After a tense waiting period, the campus took action last Wednesday. The U of L Diop Society, members of the Pan-African studies department, the Vice Provost of Diversity and International Affairs, and a number of student leaders partnered with The Cultural Center. They created an event for the Let’s Talk Luncheon Series and invited the public to participate in an open discussion panel about the tweet and the wider use of the n-word at U of L. They called it “The N*****bop Forum”.
They chalked the campus sidewalks with advertisements and tweeted the details. Some students received extra credit to attend. There was a sign-in sheet. There was free pizza.
The Louisville Cardinal sent writer Xavier Bleuel to cover the event.
Public event turned internal investigation
When Bleuel arrived and began gathering information, he introduced himself to Vice Provost of Diversity and International Affairs, Dr. Mordean Taylor-Archer. Taylor-Archer told Bleuel that while he was welcome to attend and listen, he was not to report on the events or discussion. Archer-Taylor also told Bleuel that the public discussion forum was an “internal investigation”.
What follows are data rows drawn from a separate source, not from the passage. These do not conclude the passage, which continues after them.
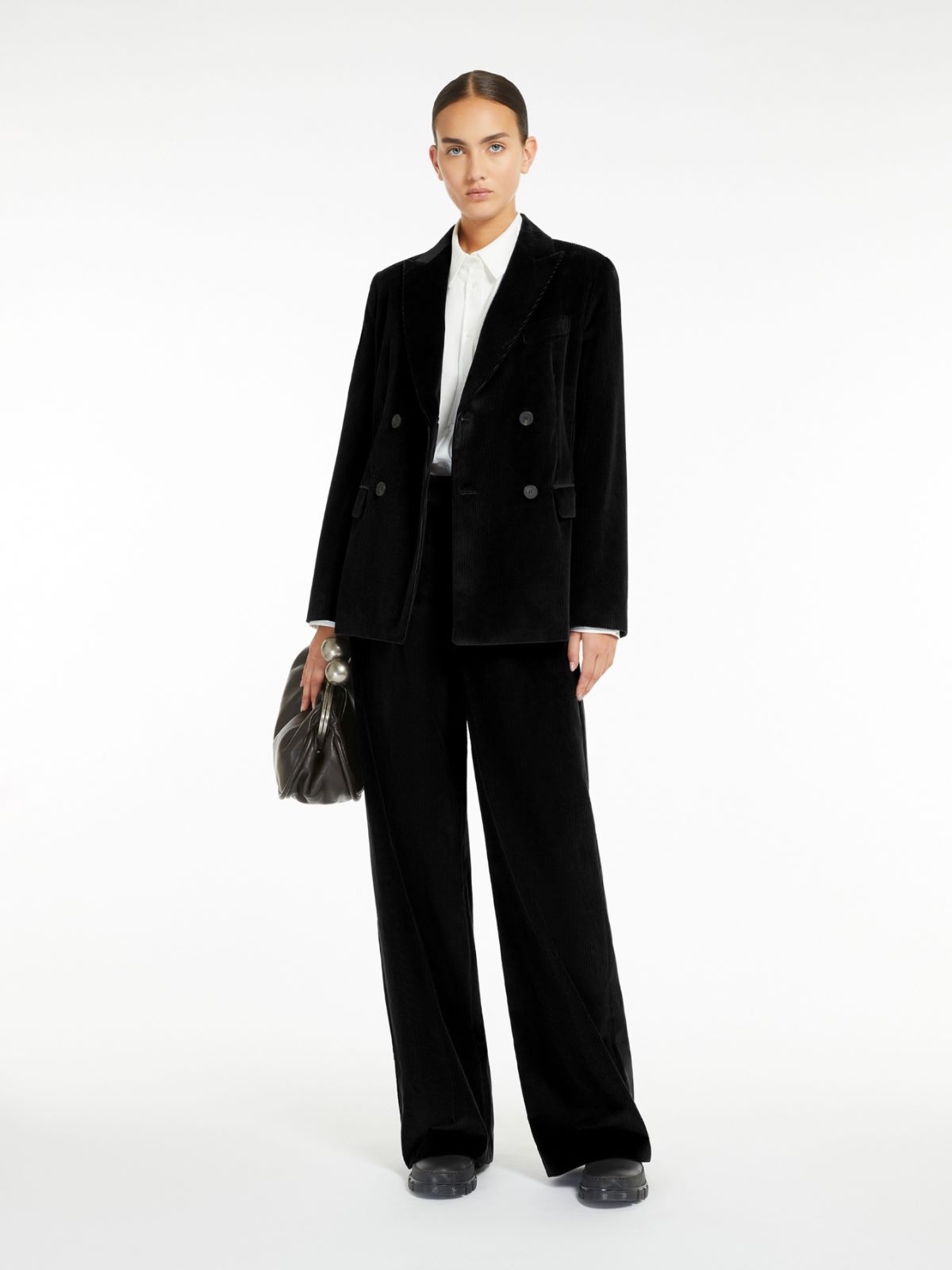 MaxMara Tailoring
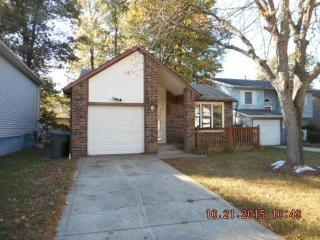 4523 Boca Ct, Columbus, OH 43230-5003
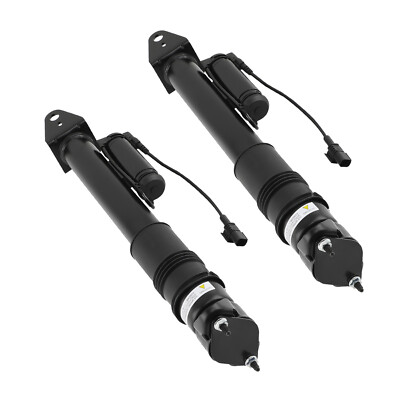 2X ADS Suspension Pneumatique Arrière for MERCEDES R320 R350 R500 06-10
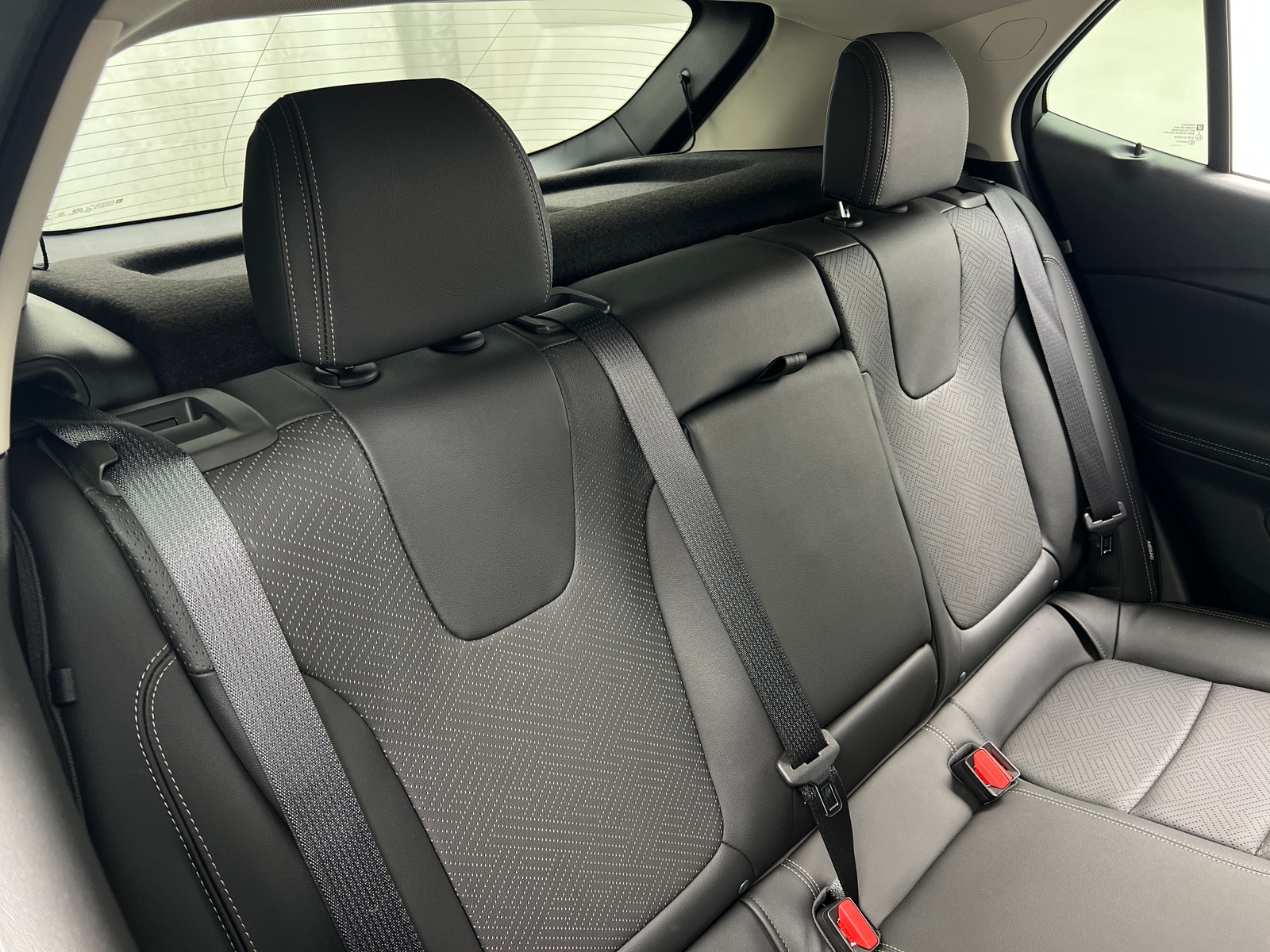 Thumbnail: 2022 Buick Encore GX - 5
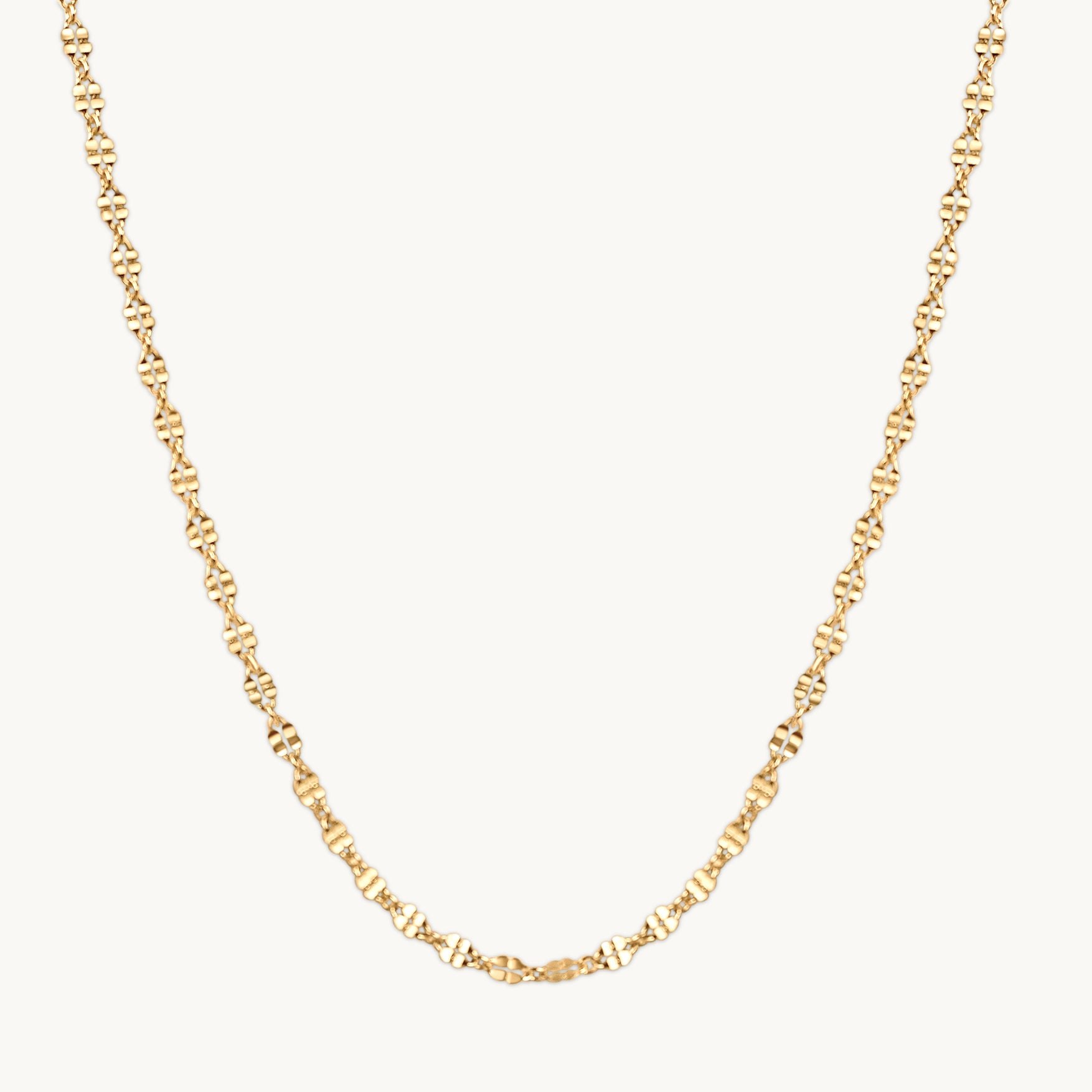 Fara Necklace Long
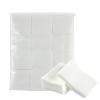 1200PCS Cotton Pads Makeup Remover Pad Soft & Lint-Free Square Facial Cleaning Wipes for Face, Eye and Nail Care view 1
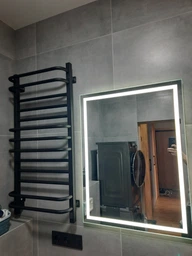 Зеркало NAUTILUS Double 600х800 Mr-U фото от покупателей 1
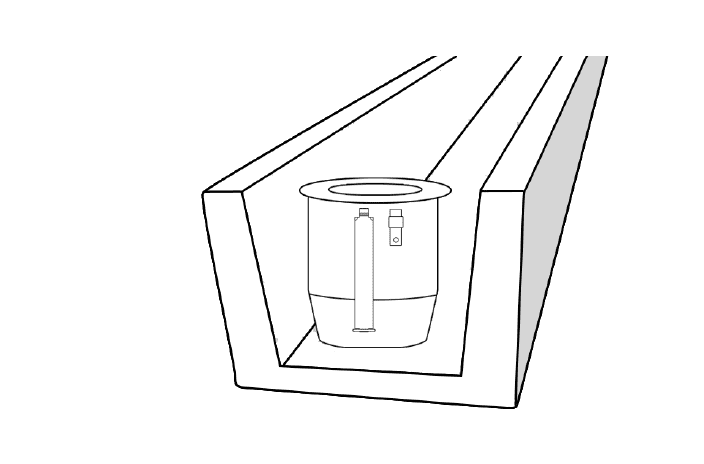 Measure Beam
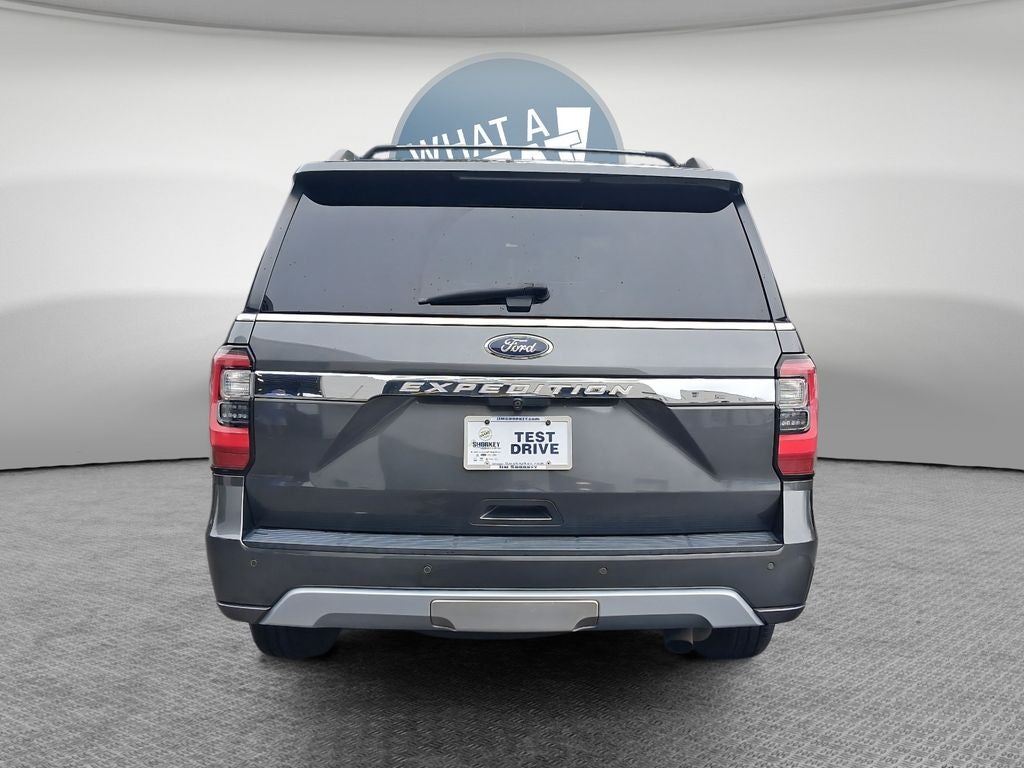 2020 Ford Expedition Limited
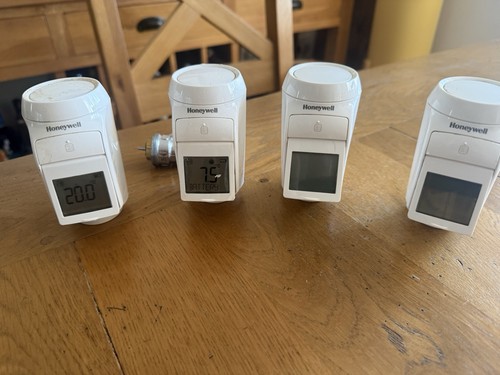 Honeywell home evohome - honeywell,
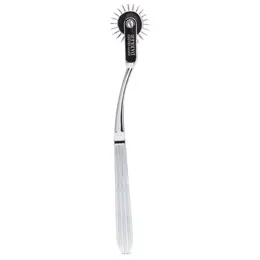 Fifty Shades of Grey Darker Adrenaline Metal Pinwheel Sensory Tool 18.5cm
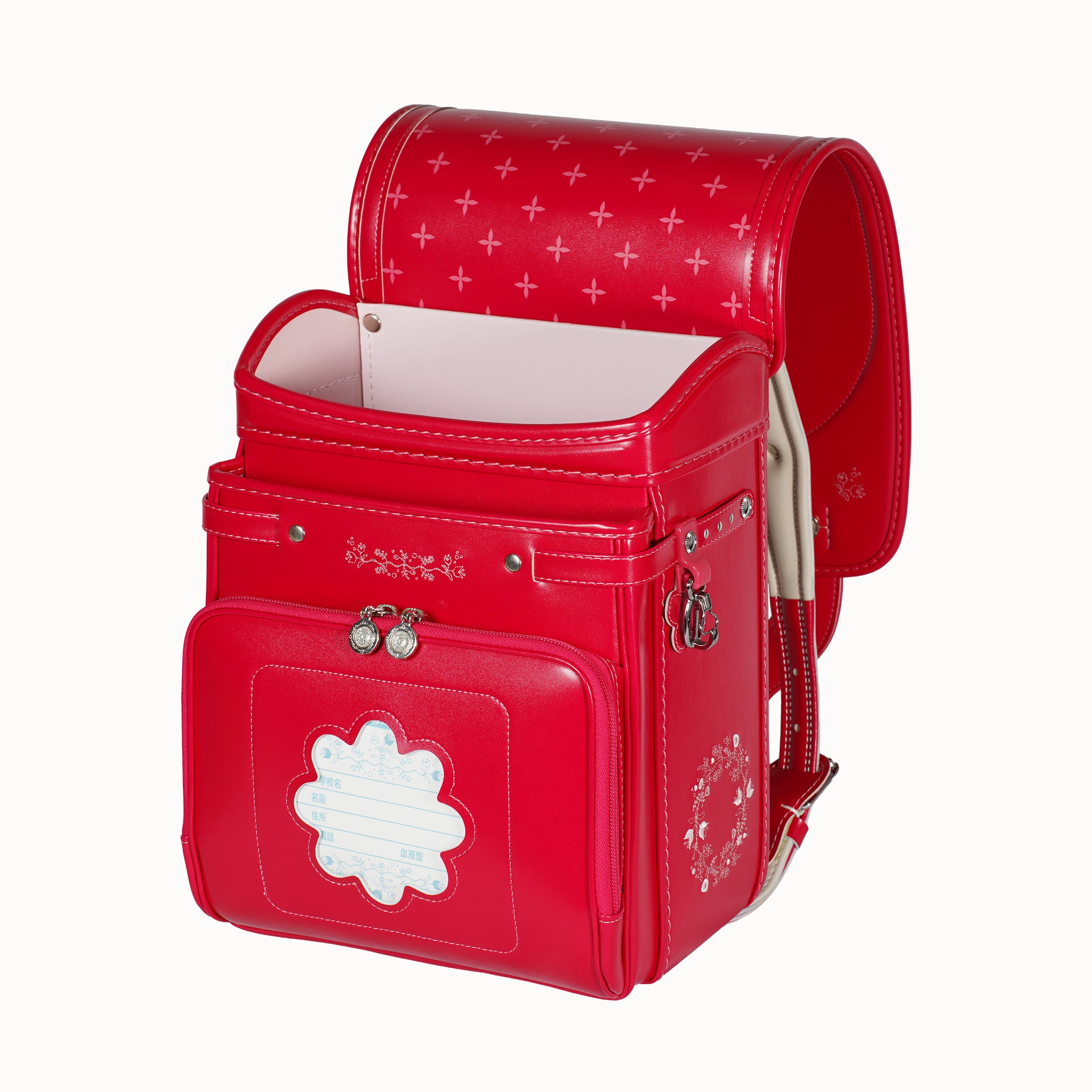 Flower Wreath フラワーリース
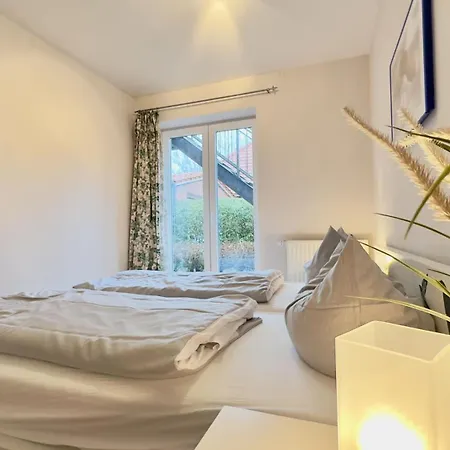 Stranddistel - Carolinensiel *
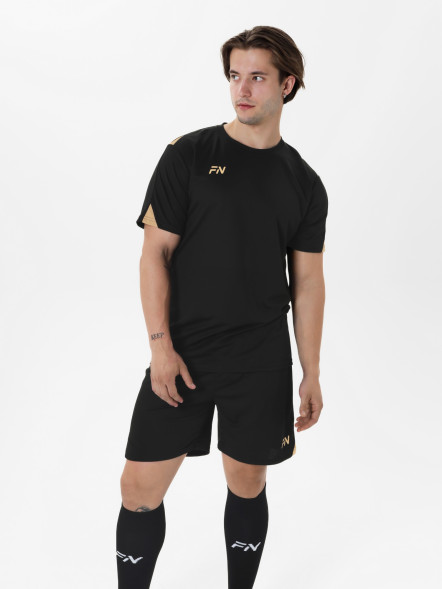 Футбольная форма FN Dignity Black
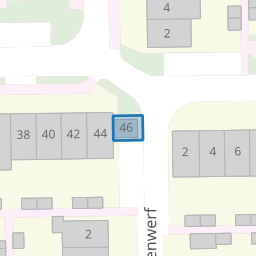 Perceel GDA01-M-3500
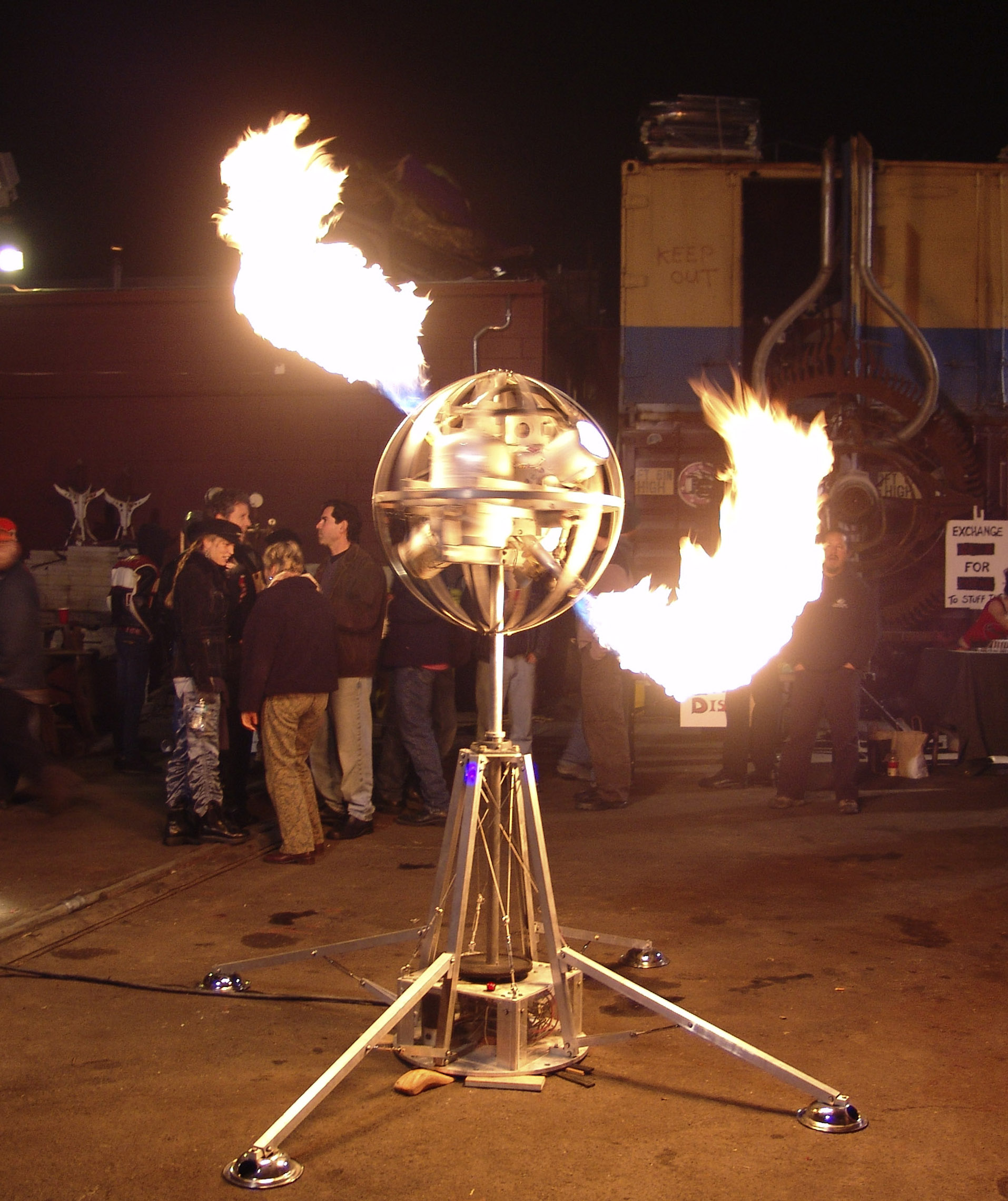Elegant Flames.JPG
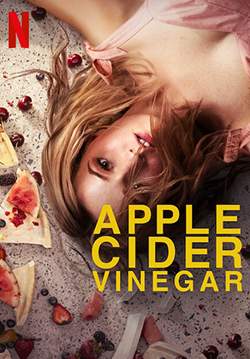 ไอดอลแอปเปิ้ลไซเดอร์ - Apple Cider Vinegar (พากย์ไทย) (จบ)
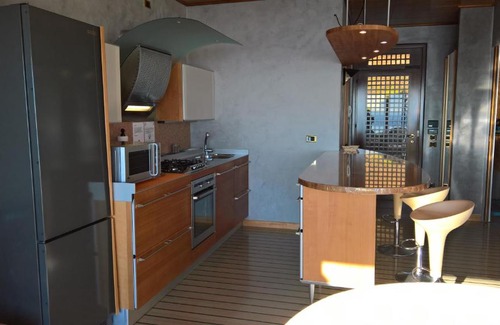 Padenghe sul Garda House | Exceptional Oceanfront Retreat at Maison du Lac, Padenghe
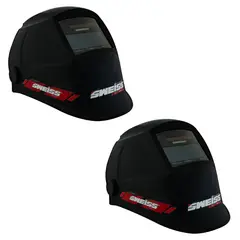 SWEISS - 2 Caretas Electronicas Soldar Skyview 510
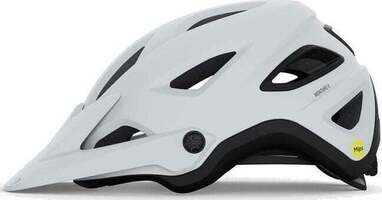 Giro montaro mips ii dirt helmet matte chalk trailova prilba 2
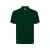 Рубашка поло Centauro Premium мужская, 3XL, 6607563XL, Цвет: зеленый бутылочный, Размер: 3XL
Bleuel, a new writer, exited the forum, reported his experience to his editor, who then relayed it to this reporter. In a follow up interview Taylor-Archer said, “It’s not an investigation, but what we had agreed to when we were putting on the forum was that it would be a discussion among the people who were there and there would be no press coverage. And so that’s why I said that to the student.”
This incident marks the first time that any event of the Let’s Talk Luncheon series has ever attempted to quiet the student press. Taylor–Archer explained how she came to her decision.
“This issue was more volatile than any of the other issues that we’ve had in the past
that we have covered, and it has been spun,” said Taylor-Archer. “Given the volatility of this discussion, I made that decision and so, you know, I stand behind it.”
“The Let’s Talk Luncheon has been (open to student press) and given the nature of this one that it was decided — and I was a part of that decision making — that we did not have press coverage of this event.”
Taylor-Archer continued, “I don’t know how you want to frame this, but I made a decision because it had already spun out of control. So I said that this would be a discussion, and it would not be covered by press, and that’s what I, we, had made that was decided prior to even beginning the discussion. So that’s what I said to the student when he was there.”
When asked who else was part of that decision-making process, Taylor-Archer said, “Well, when we discussed it- it was the- I had discussed it. And well, ultimately, I take the blame. I take the full responsibility for this decision.”
The press is the public
Phillip Bailey, political editor and news writer for Louisville NPR affiliate station, WFPL, was chosen to moderate the discussion.
Taylor-Archer was asked whether she felt that the choice of the panel’s moderator was consistent with her attempt to exclude student press.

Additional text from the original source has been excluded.